On these seven pages, I have answered over 100 questions submitted by MBA students in the introductory information systems course. Some of the questions are quite straightforward, calling for little more than a definition. Others raise deeply philosophical issues. I have done the best I could here within the limits of time and reasonable space (I’m hoping people will actually read these). Much of this writing was off of the top of my head, so if you feel that an answer needs further elaboration or that one or another of them is simply incorrect, send me a note or post your alternative answer on Blackboard. And, of course, I hope you will continue to raise new questions.
Fred
How do I get to know the basics of computer hardware (i.e. various components of the computer and their basic functions vis-a-vis network application)? [Noah Gyimah]
There are many good introductions to computers.

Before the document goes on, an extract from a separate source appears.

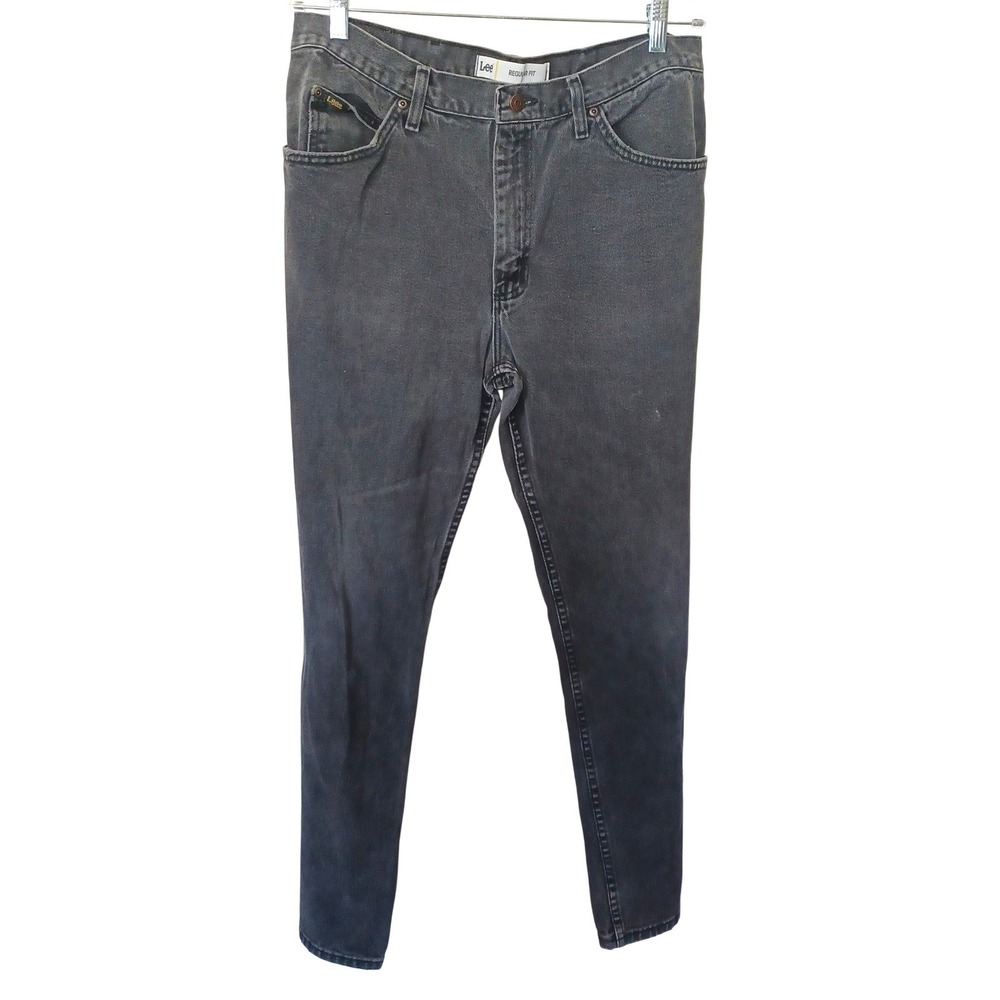Lee Regular‎ Fit Jeans Men 38x30 Washed Black Cotton Denim Straight Leg Grunge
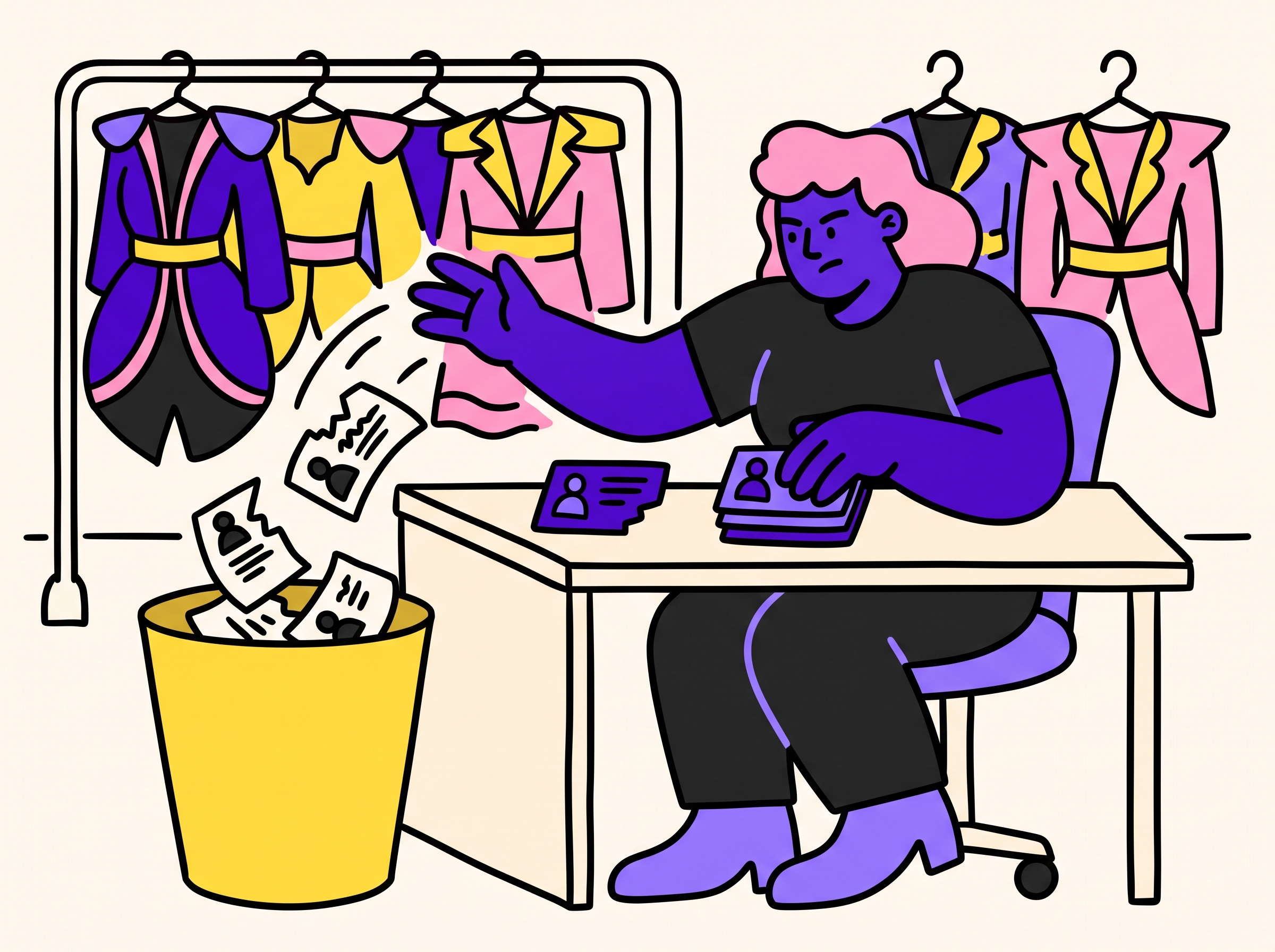 Operator discarding invalid contact cards into a gold bin while keeping a small verified stack, with unused sending-domain costumes hanging unused behind the desk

One that I particularly like is A Cartoon Guide to the Computer, by Larry Gornick. It doesn’t really cover networks, but does provide a very sound introduction to the elements of a computer, what software is, and even manages to slip in a bit of information theory. I think that there are copies available in the library and I have one that I can loan out.
For how long can technology continue to be cheaper? [Noah Gyimah]
This is a tough one. Many factors influence the cost of computing—fabrication technologies, the cost of financing, scientific and engineering developments, engineering talent, the market for computers. What is most amazing is that all of these have been acting in concert to produce a remarkably regular rate of increase in the amount of computing that can be purchased at a given price.
What is binary coding?
It is the practice of coding everything in terms of two (bi-) states. We usually use 0 and 1 to represent them. Any code can be transformed into a binary code. Binary coded decimal (BCD) is a way of transforming decimal numbers into binary codes.
What is the difference between a bit and a byte?
A bit represents the smallest unit of information. It allows for distinguishing two states, such as true and false, off and on, up and down, in and out, 0 and 1. A byte is a standard size collection of bits; historically this has generally been 8 bits. It can be used to represent 256 different states (2^8).
When we talk about computers with infinite memory and infinite speed can we talk about computers that feel, in terms of subjective emotions?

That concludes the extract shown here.